A Considerable Community Tool

106staff

The Section 106 Review Process

By Claire Meyer

With passage of the National Historic Preservation Act (NHPA) in 1966, a partnership between the federal government and state, tribal, and local governments was established to support historic preservation activities.

The NHPA created the Advisory Council on Historic Preservation (ACHP), the first and only federal agency created solely to address historic preservation issues, and created a funding framework from the National Park Service to provide matching grants-in-aid from the Historic Preservation Fund (HPF) to State Historic Preservation Officers (SHPO), Tribal Historic Preservation Officers (THPO), and local governments certified for having qualified preservation programs (CLG).

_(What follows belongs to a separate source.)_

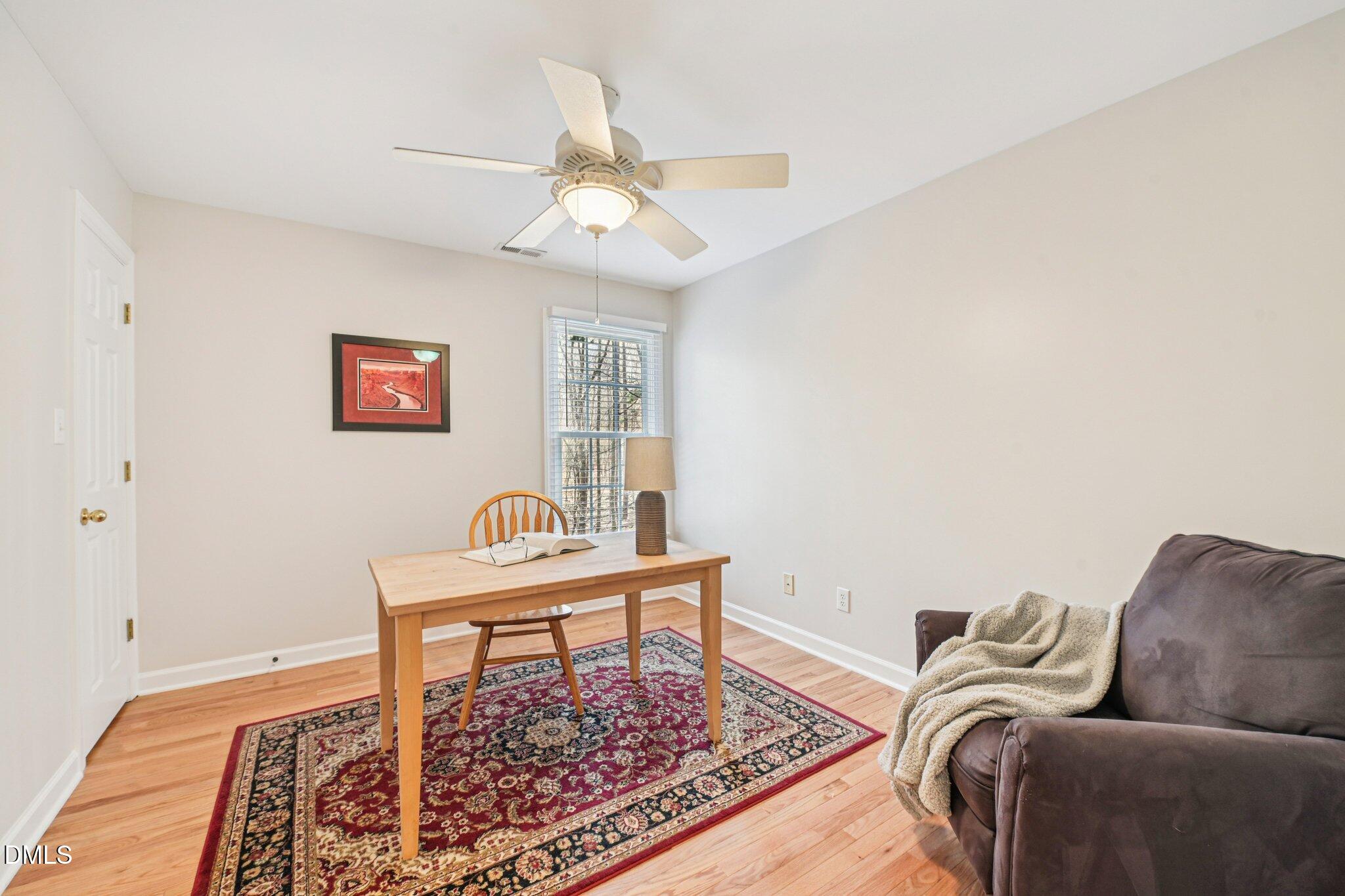 2013 Kinleys Way Raleigh, NC 27613 - Photo 35 of 68 a living room with furniture and a rug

Along with larger, overarching goals for preservation of historic resources in the United States, the Act also created the Section 106 review process. Section 106 of the NHPA requires federal agencies to consider the effects on historic properties of projects they carry out, assist, fund, permit, license, or approve throughout the country. If a federal or federally assisted project has the potential to affect historic properties, a Section 106 review will take place.  The ACHP, interested parties, and the public may comment on projects before they start, making the Section 106 process a tool for citizens to participate in protecting a community’s historic properties.

Based in the Tennessee Historical Commission’s SHPO office, Section 106 staff, Casey Lee and Claire Meyer, along with Tennessee Division of Archaeology, Archaeology Supervisor, Jennifer Barnett, review and comment on any project in the state that has federal government involvement.  Projects can be as simple as the FDIC licensing a new bank branch or complicated as TDOT and the Federal Highway Administration building a new bridge.  Working with approximately 60 federal agencies, they review around 2,300 projects annually. 

Now updating and digitizing resources, the department is developing a database for electronically logging Section 106 reviews completed by any state agency, a project aligned with the Governor’s goal to digitize resources and reduce paper record-keeping.   

Section106illustration

The Section 106 review process is laid out in eight single-spaced, double-sided pages of federal law.